- [WHAT IS EXPECTED]:
Repeat the data verbatim, images excluded.

- [GIVEN DATA]:
+ + + + +
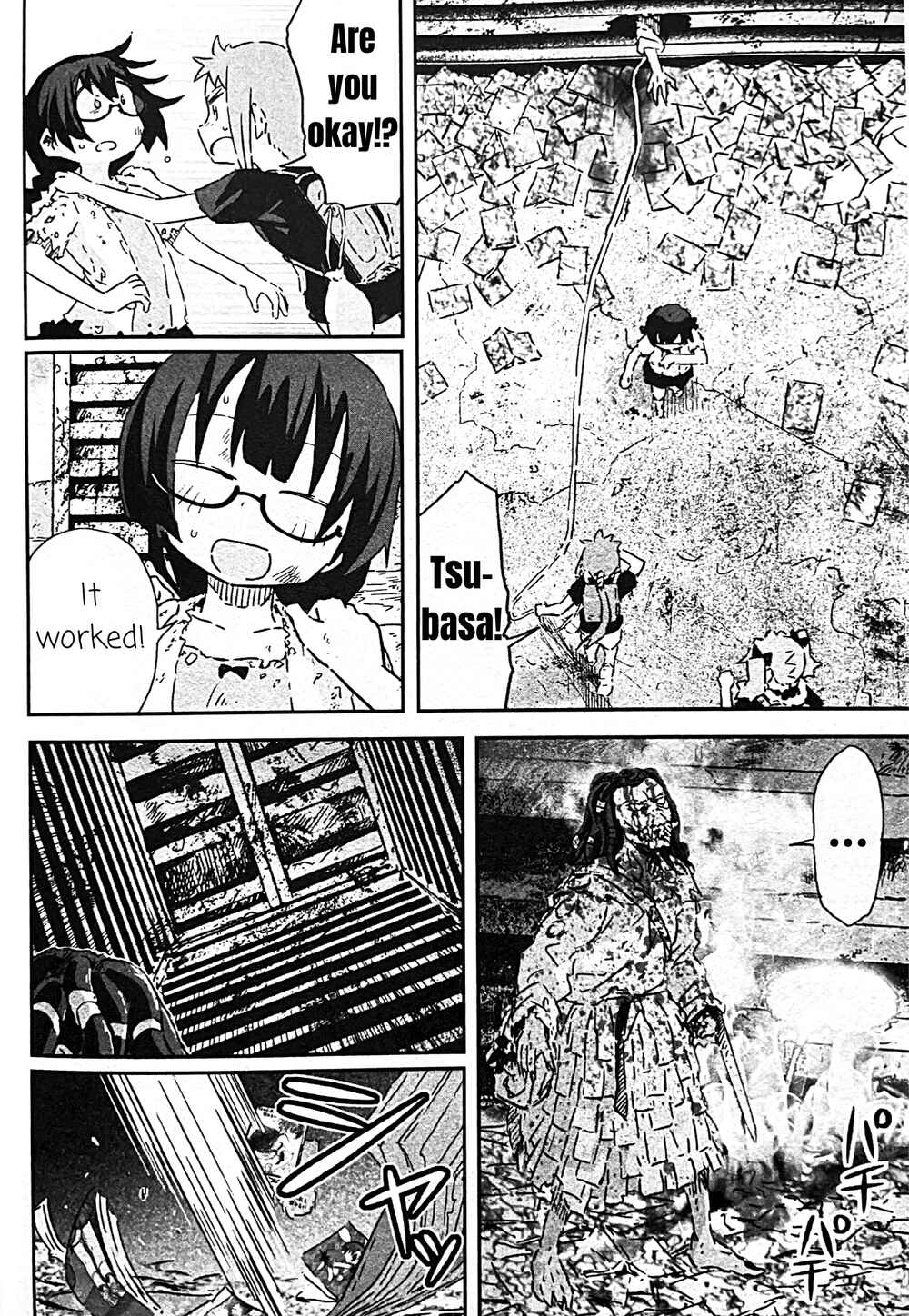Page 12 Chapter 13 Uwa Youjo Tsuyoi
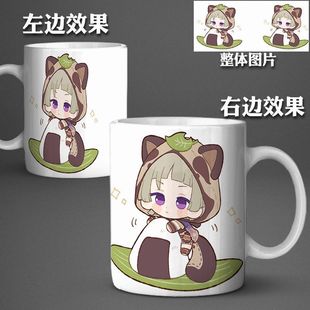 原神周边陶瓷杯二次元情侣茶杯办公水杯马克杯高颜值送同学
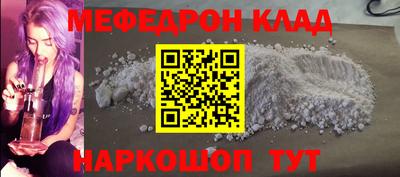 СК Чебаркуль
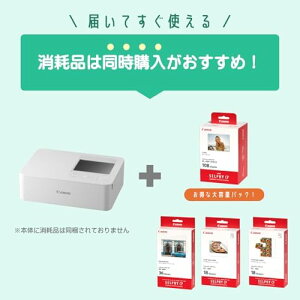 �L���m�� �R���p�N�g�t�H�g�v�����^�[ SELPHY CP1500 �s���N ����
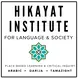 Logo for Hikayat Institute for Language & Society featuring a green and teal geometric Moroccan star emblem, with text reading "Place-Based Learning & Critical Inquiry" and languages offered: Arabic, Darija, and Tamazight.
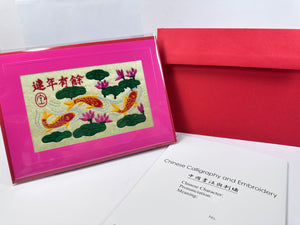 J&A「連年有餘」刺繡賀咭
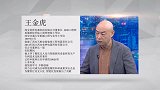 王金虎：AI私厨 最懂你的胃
+ + + + +
- [TASK RESULT]:
Page 12 Chapter 13 Uwa Youjo Tsuyoi
 原神周边陶瓷杯二次元情侣茶杯办公水杯马克杯高颜值送同学
 СК Чебаркуль
 �L���m�� �R���p�N�g�t�H�g�v�����^�[ SELPHY CP1500 �s���N ����
 Logo for Hikayat Institute for Language & Society featuring a green and teal geometric Moroccan star emblem, with text reading "Place-Based Learning & Critical Inquiry" and languages offered: Arabic, Darija, and Tamazight.
 J&A「連年有餘」刺繡賀咭
 王金虎：AI私厨 最懂你的胃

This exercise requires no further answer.